*** Data supplied Section Begins ***
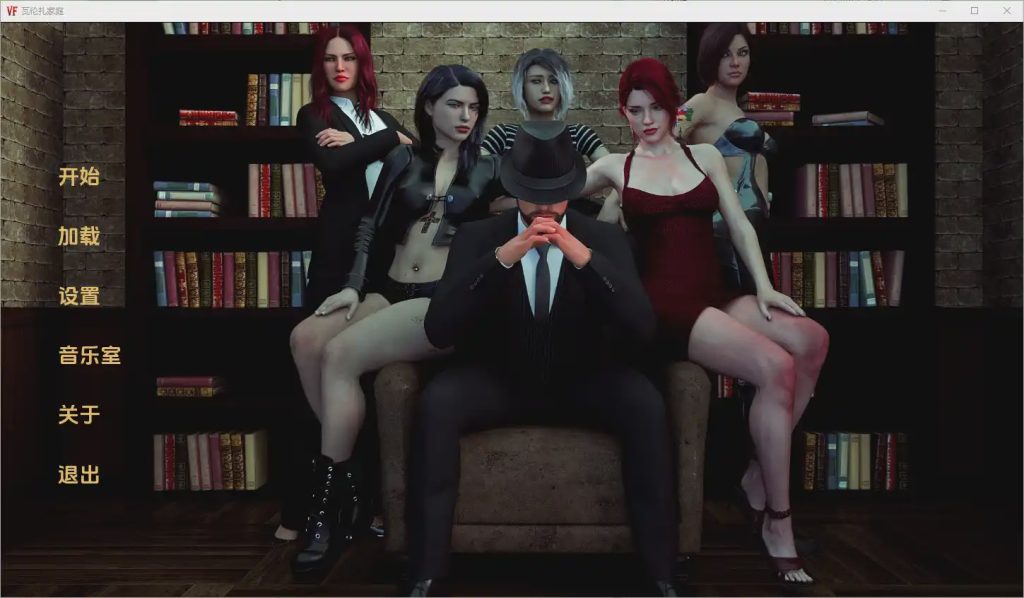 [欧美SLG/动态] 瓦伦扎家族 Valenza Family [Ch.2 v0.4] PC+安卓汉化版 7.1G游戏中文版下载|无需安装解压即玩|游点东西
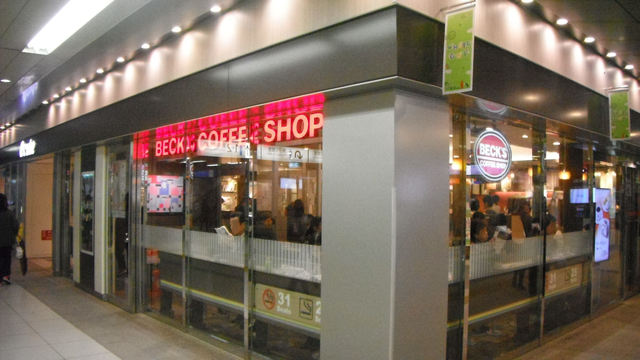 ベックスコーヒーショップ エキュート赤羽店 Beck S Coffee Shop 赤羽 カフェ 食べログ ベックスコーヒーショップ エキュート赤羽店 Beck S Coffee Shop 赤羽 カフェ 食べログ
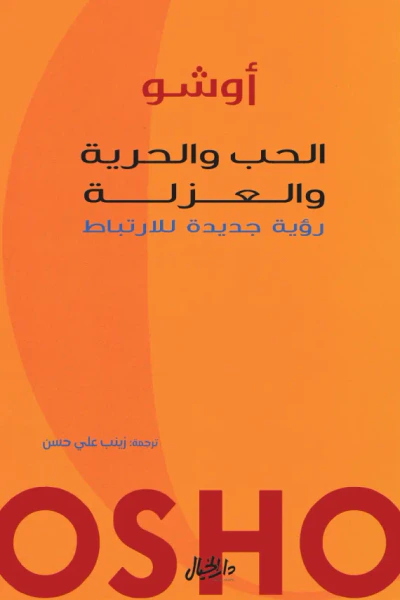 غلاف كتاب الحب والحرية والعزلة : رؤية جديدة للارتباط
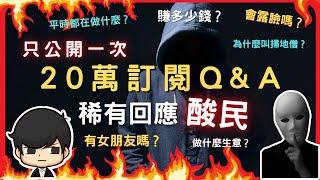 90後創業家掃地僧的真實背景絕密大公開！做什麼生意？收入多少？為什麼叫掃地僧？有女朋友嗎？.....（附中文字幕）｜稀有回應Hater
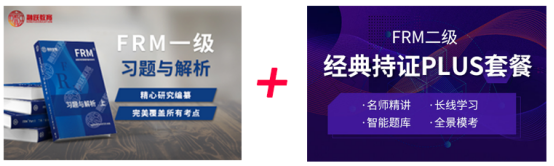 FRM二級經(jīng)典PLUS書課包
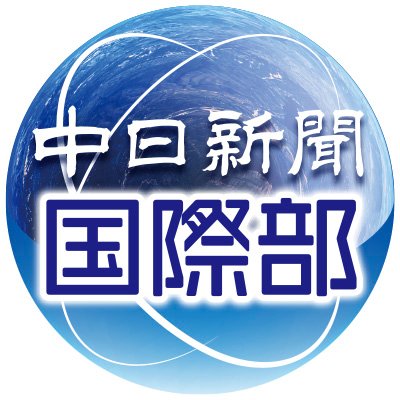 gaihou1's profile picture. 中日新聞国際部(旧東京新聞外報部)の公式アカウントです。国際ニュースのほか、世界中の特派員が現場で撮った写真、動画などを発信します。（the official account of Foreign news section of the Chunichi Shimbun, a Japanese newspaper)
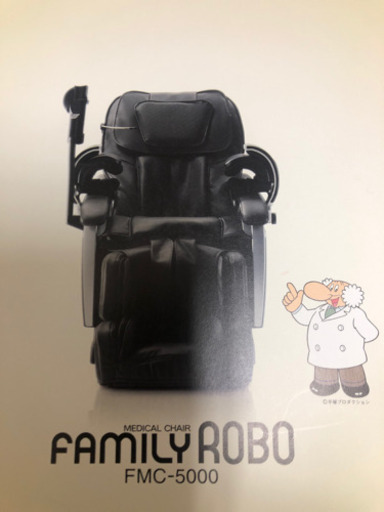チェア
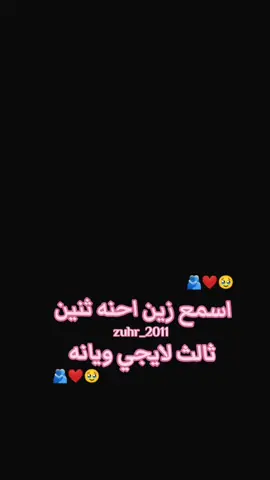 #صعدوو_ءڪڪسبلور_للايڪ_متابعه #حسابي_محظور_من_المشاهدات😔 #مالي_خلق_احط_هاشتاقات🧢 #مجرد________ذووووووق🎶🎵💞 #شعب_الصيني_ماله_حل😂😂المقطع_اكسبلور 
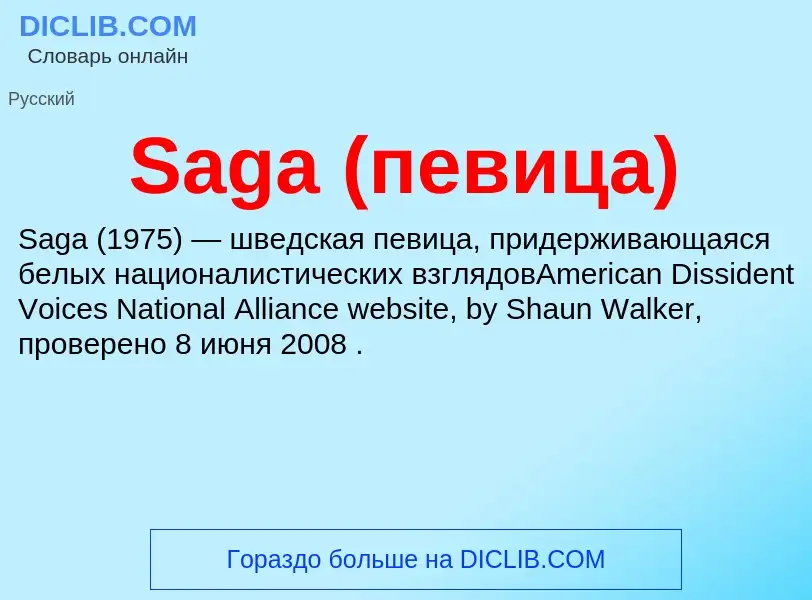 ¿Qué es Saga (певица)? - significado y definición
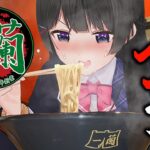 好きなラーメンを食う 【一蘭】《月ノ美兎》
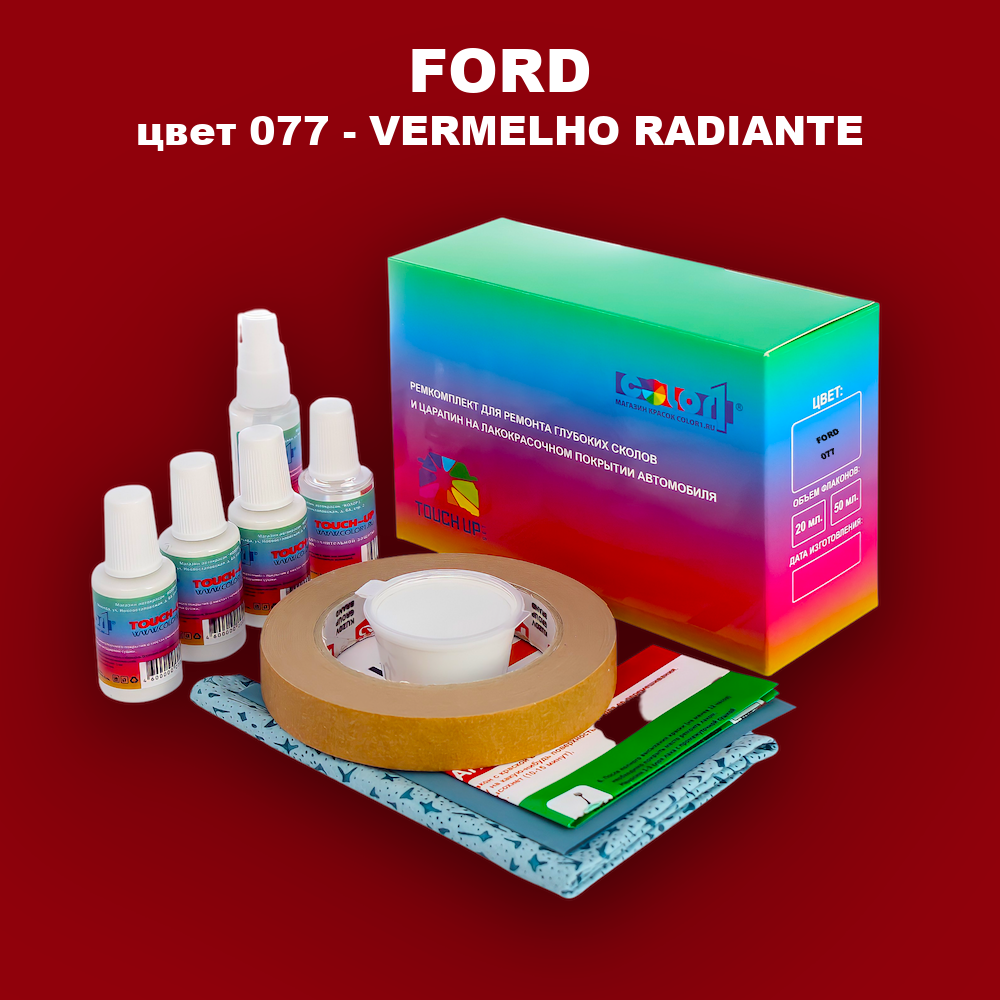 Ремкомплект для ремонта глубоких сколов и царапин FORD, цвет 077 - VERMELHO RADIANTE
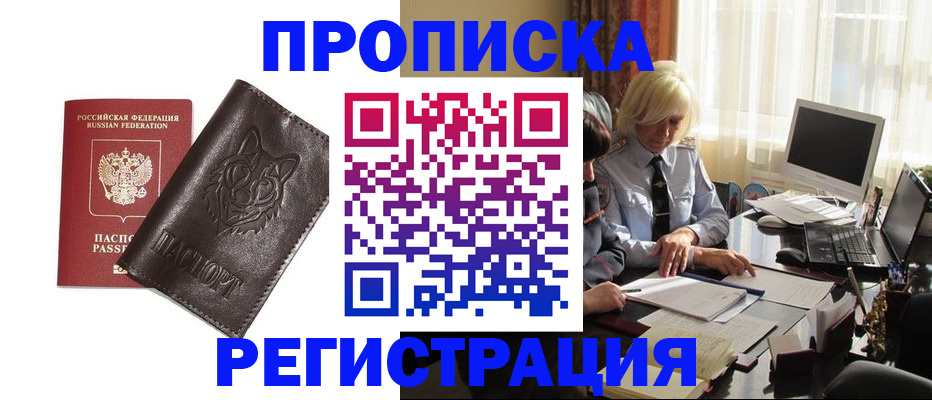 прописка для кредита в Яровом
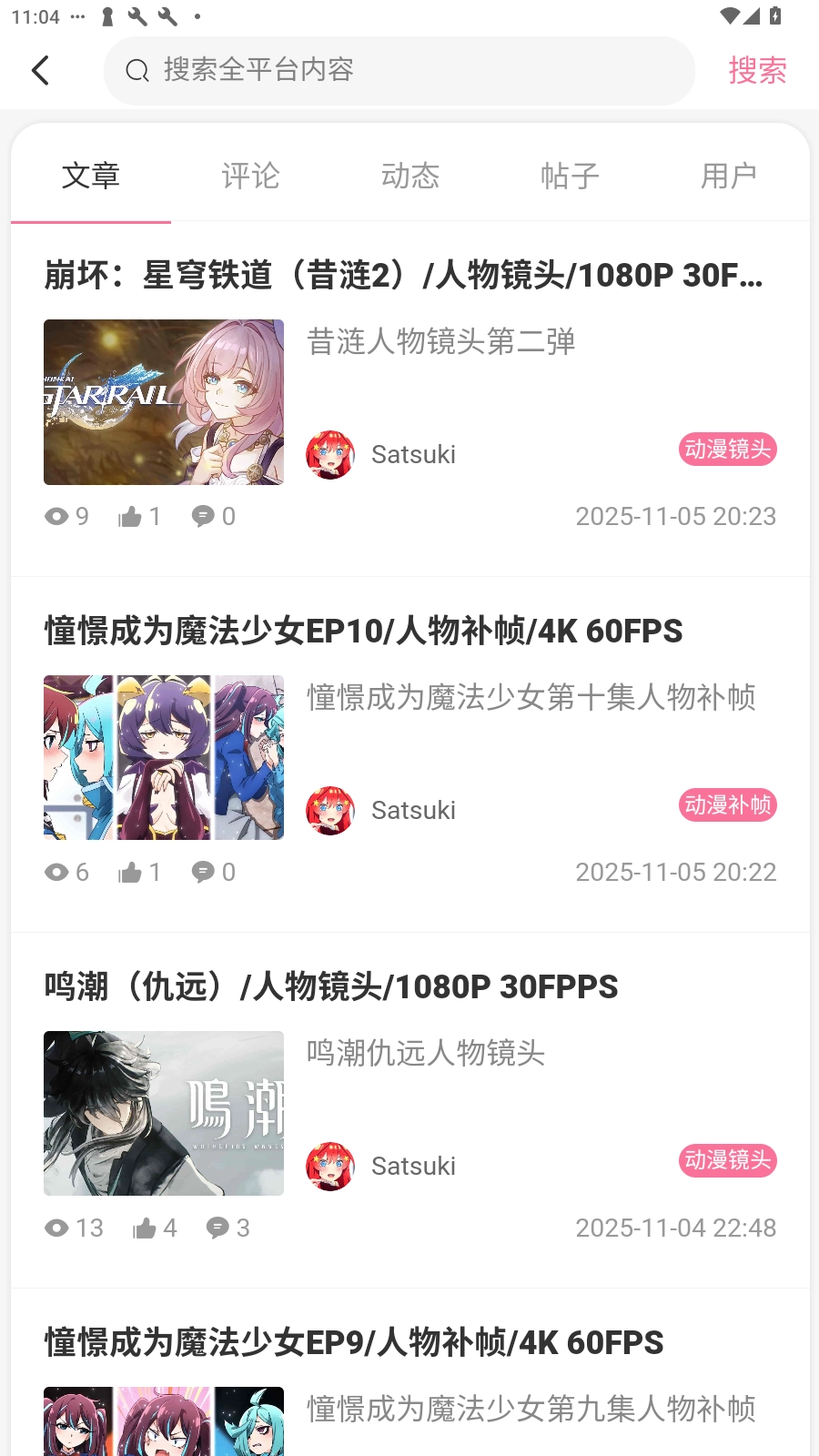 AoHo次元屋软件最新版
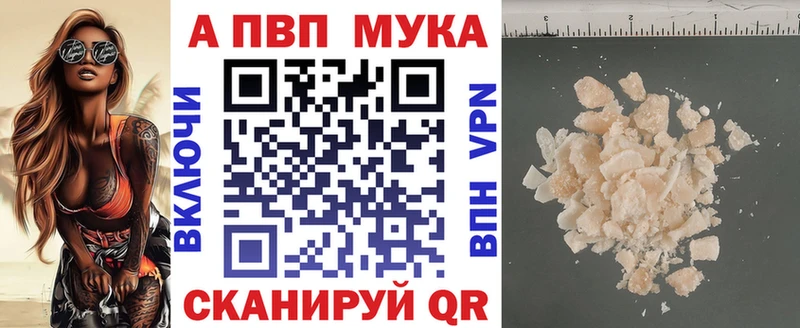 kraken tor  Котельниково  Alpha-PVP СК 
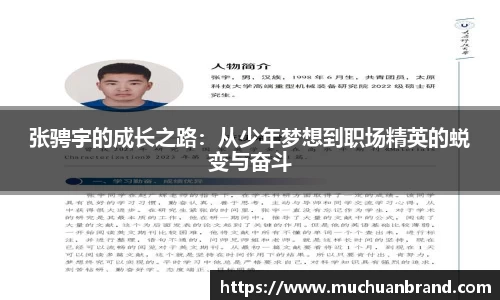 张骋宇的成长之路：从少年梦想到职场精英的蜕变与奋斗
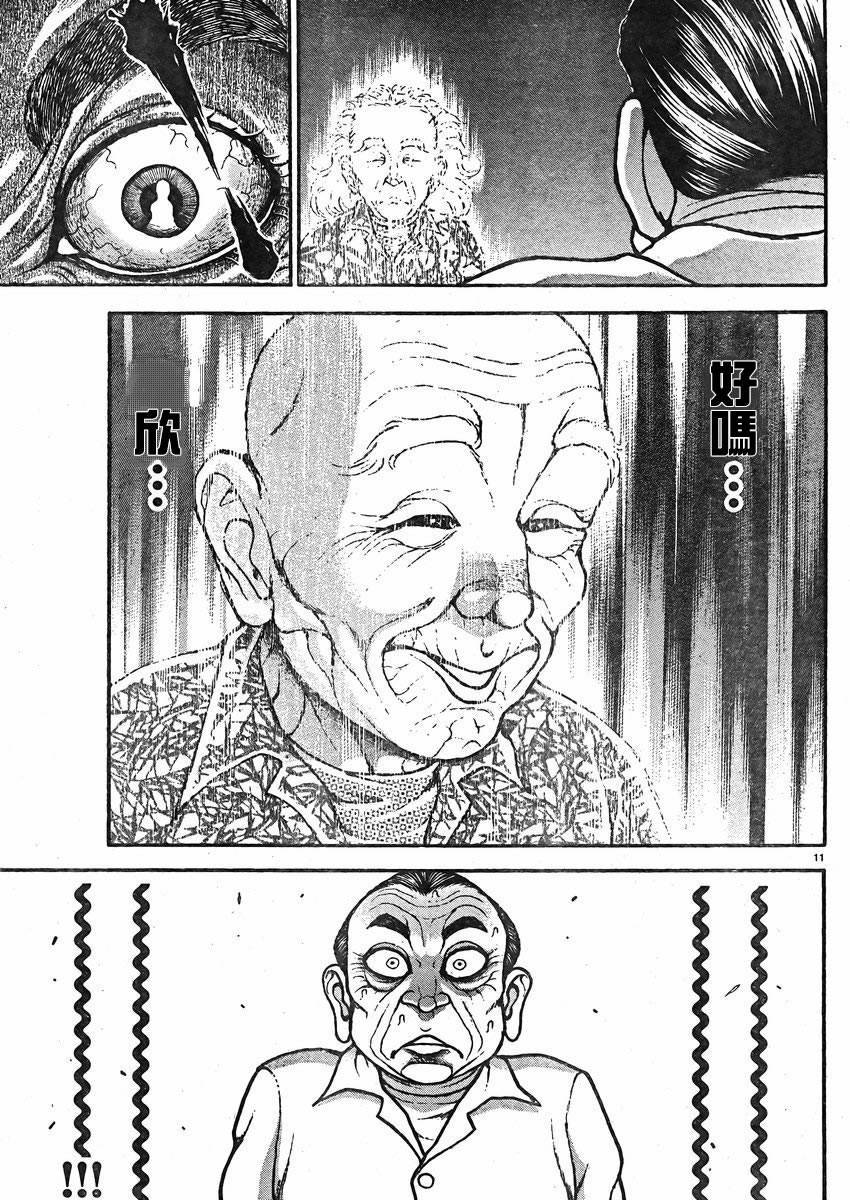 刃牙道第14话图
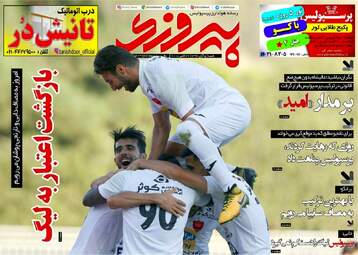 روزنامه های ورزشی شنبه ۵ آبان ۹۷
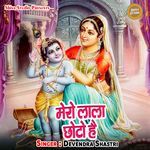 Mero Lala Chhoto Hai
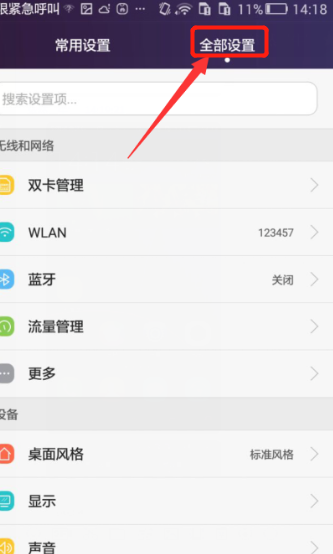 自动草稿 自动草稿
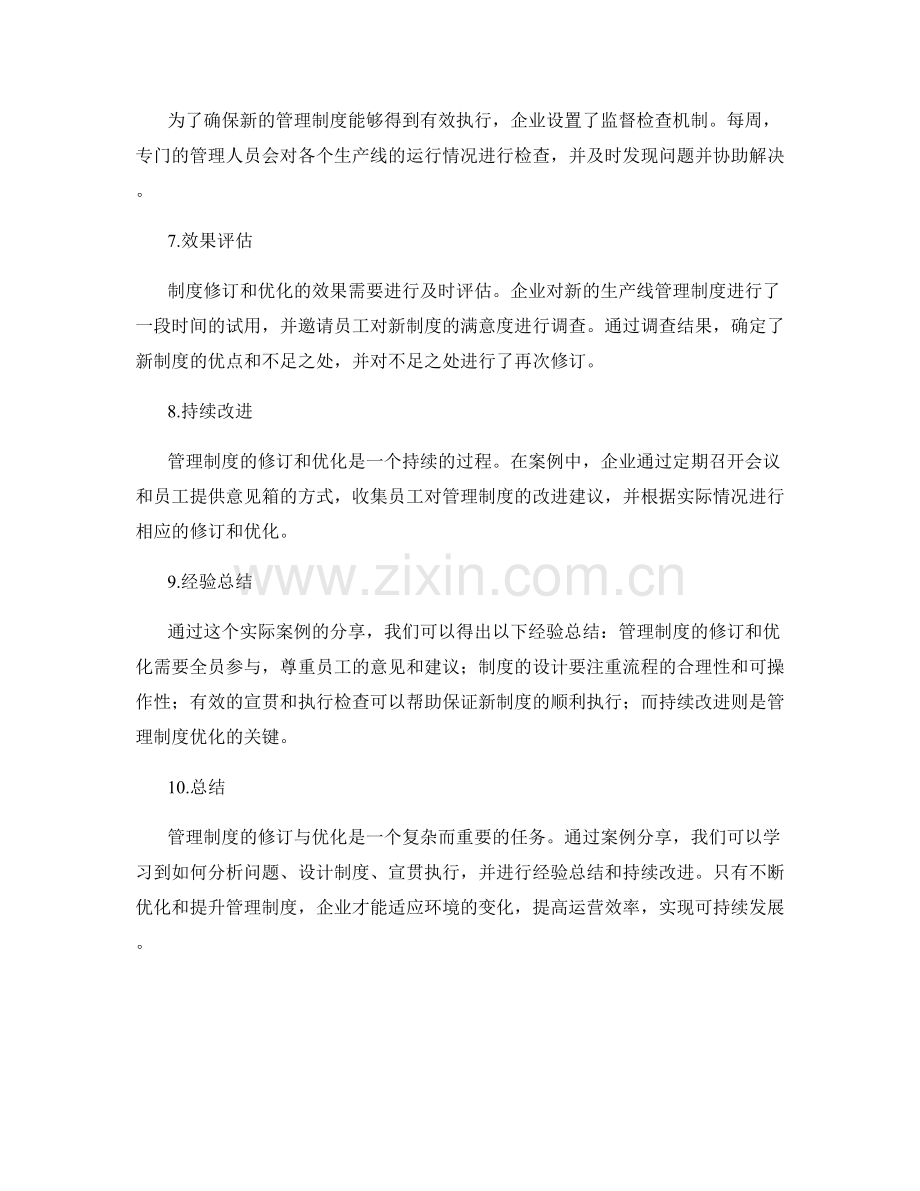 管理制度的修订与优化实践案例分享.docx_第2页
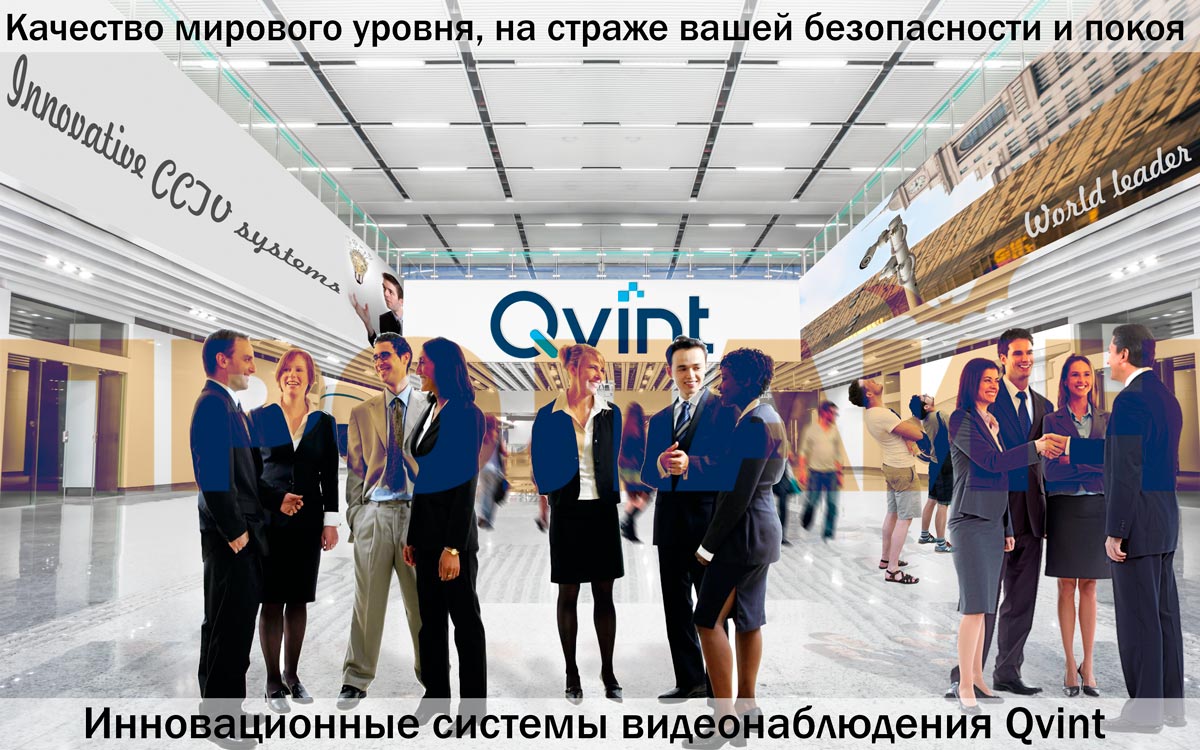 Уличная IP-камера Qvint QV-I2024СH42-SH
*** Data supplied Section Ends ***
**Work instructions**: Reproduce the data word for word without its images.

**Exercise response**:
 [欧美SLG/动态] 瓦伦扎家族 Valenza Family [Ch.2 v0.4] PC+安卓汉化版 7.1G游戏中文版下载|无需安装解压即玩|游点东西
 ベックスコーヒーショップ エキュート赤羽店 Beck S Coffee Shop 赤羽 カフェ 食べログ ベックスコーヒーショップ エキュート赤羽店 Beck S Coffee Shop 赤羽 カフェ 食べログ
 غلاف كتاب الحب والحرية والعزلة : رؤية جديدة للارتباط
 90後創業家掃地僧的真實背景絕密大公開！做什麼生意？收入多少？為什麼叫掃地僧？有女朋友嗎？.....（附中文字幕）｜稀有回應Hater
 FRM二級經(jīng)典PLUS書課包
 gaihou1's profile picture. 中日新聞国際部(旧東京新聞外報部)の公式アカウントです。国際ニュースのほか、世界中の特派員が現場で撮った写真、動画などを発信します。（the official account of Foreign news section of the Chunichi Shimbun, a Japanese newspaper)
チェア
 #صعدوو_ءڪڪسبلور_للايڪ_متابعه #حسابي_محظور_من_المشاهدات😔 #مالي_خلق_احط_هاشتاقات🧢 #مجرد________ذووووووق🎶🎵💞 #شعب_الصيني_ماله_حل😂😂المقطع_اكسبلور 
 ¿Qué es Saga (певица)? - significado y definición
 好きなラーメンを食う 【一蘭】《月ノ美兎》
 Ремкомплект для ремонта глубоких сколов и царапин FORD, цвет 077 - VERMELHO RADIANTE
 прописка для кредита в Яровом
 AoHo次元屋软件最新版
 kraken tor  Котельниково  Alpha-PVP СК 
 张骋宇的成长之路：从少年梦想到职场精英的蜕变与奋斗
 刃牙道第14话图
 روزنامه های ورزشی شنبه ۵ آبان ۹۷
 Mero Lala Chhoto Hai
 自动草稿 自动草稿
 管理制度的修订与优化实践案例分享.docx_第2页
 Уличная IP-камера Qvint QV-I2024СH42-SH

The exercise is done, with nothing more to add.